Associer Darwin, produits dessiccants et Eclairvale®
Un essai conduit au Cefel en 2018 a comparé ces trois méthodes une à une et combinées, sur une parcelle d’Ariane. « L’utilisation de Darwin en préfloraison à 240 t/min, d’huile + soufre en dessiccants (huile à 5 l/ha et soufre à 7,5 kg/ha) au moment de la floraison et d’Eclairvale® en juin a permis d’atteindre une efficacité de 66 % », rapporte Jean-François Saint-Hilary au cours du même webinaire. La modalité Darwin puis Eclairvale® et celle Darwin puis huile + soufre ont eu une efficacité proche de 60 %. Les efficacités des modalités huile + soufre puis Eclairvale®, Eclairvale® seul ou Darwin seul étaient proches de 50 %. L’application d’huile + soufre est efficace à 20 %. Selon la variété et l’intensité d’éclaircissage requis, chacune de ces méthodes (se positionnant à des stades différents) peut être considérée.
Incontournable Darwin au stade D-D3
Avant floraison, l’outil à fil Darwin permet de réduire en moyenne le potentiel de floraison de 25 à 30 %. « Son utilisation, tout comme celle d’Eclairvale® exige des palissages robustes, des branches fruitières courtes et des haies fruitières étroites », insiste Laurent Roche. Cet outil supprime fleurs et feuilles. « Et les deux organes ont un effet sur la charge », rappelle l’expérimentateur. Mais selon le stade d’application, son impact sera différent sur les fleurs ou sur les feuilles. « Positionné aux stades D-D3, l’outil Darwin a plutôt tendance à supprimer partiellement des fleurs sur le corymbe », détaille le spécialiste.
A ce stade précoce, l’éclaircissage est plus respectueux des feuilles de rosette. La préservation de ces feuilles est favorable au calibre et au retour à fleur. « Aux stades floraison, l’outil agit majoritairement par réduction du nombre de fleurs sur les corymbes mais il va endommager plus sérieusement les feuilles de rosette et induire une réaction physiologique complémentaire », continue-t-il. Dès que la période de fécondation est commencée, il faut arrêter l’utilisation de l’outil car les pédoncules se lignifient et deviennent plus robustes.
La bouillie sulfocalcique pour améliorer le retour à fleur
Les produits dessiccants se positionnent entre le stade E2 et le stade H/I. Parmi ceux testés, la bouillie sulfocalcique (BSC) a la préférence des expérimentateurs. « Les huiles végétales ont eu sur les sept années d’essais, une meilleure efficacité que la BSC, résume Christian Lavoisier. Mais ce produit à un effet nul, voire négatif sur le retour à fleur. » Le stade d’application le plus favorable à la BSC est celui de la pleine floraison. « Sur Choupette en 2019, nous avons obtenu près de 45 % de chute avec deux applications à 24 l/ha au stade F2-F2’*, détaille l’ingénieur. Sur Gala en 2020, nous avons atteint près de 65 % de chute avec deux applications au stade F2-F2’* ou une au stade F2-F2’* et une au stade G-H. »

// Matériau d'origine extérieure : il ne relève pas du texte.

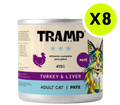 TRAMP Adult Cat Pate Turkey & Liver 415g x8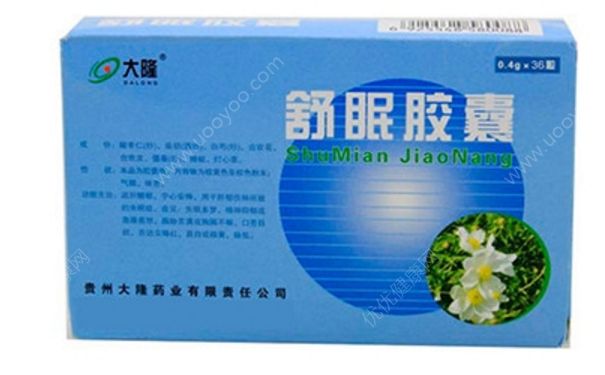 舒眠胶囊是安眠药吗？舒眠胶囊效果怎么样？[图]
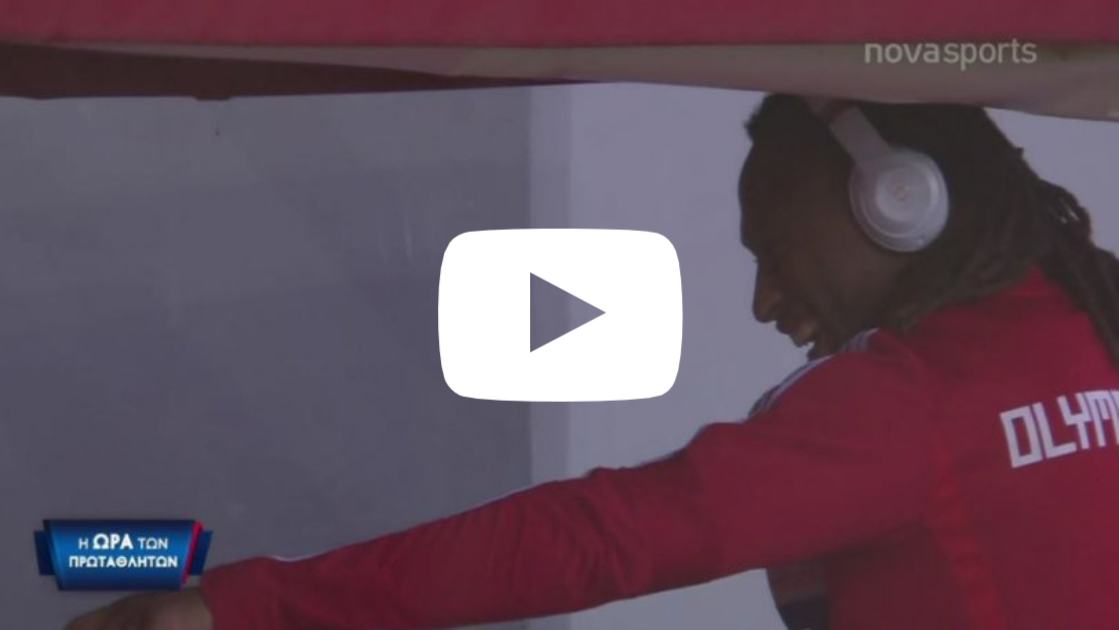 O Σεμέδο τραγουδάει, χορεύει, παραλίγο βάζει αυτογκόλ και τραυματίζει τον Σωκράτη (vid)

L’application de BSC améliore aussi le calibre des fruits selon la dose d’applications. « Trois ou cinq applications à 18 l/ha sur Choupette ont permis d’améliorer les calibres par rapport au témoin avec un taux de nouaison équivalent, continue-t-il. En revanche trois applications à 30 l/ha ont dégradé les calibres par rapport au témoin. » Le nombre d’applications nécessaires est une autre question à laquelle le groupe de travail tente de répondre.
Selon une autre expérimentation en 2011 au Cefel sur Ariane, « quatre applications à 10 l/ha de BSC sont plus efficaces que deux applications à 20 l/ha », synthétise Jean-François Saint-Hilary. L’ajout d’huile à la BSC augmente l’efficacité éclaircissante des applications. Attention cependant précise-t-il, « l’utilisation d’un mélange avec de l’huile à 10 l/ha a doublé le nombre de fruits avec une forte rugosité sur Gala par rapport aux applications de BSC seule ou de BSC avec de l’huile à 5 l/ha. »
Eclairvale® encore en test en post-floraison
L’Eclairvale® est l’outil le plus récent et des expérimentations complémentaires sont en cours. Ses effets sont le plus visibles aux stades 35 à 40 mm. Les variétés aux pédoncules courts sont plus sensibles à son action. La modulation de son action se fait par la vitesse avancement, le nombre de barres, leur diamètre et leur flexibilité. La forme et la conduite des arbres jouent un rôle primordial dans la possibilité de passage de cet outil relativement imposant.
*F2’ = Anthères déhiscentes (Fleur supposée pollinisée)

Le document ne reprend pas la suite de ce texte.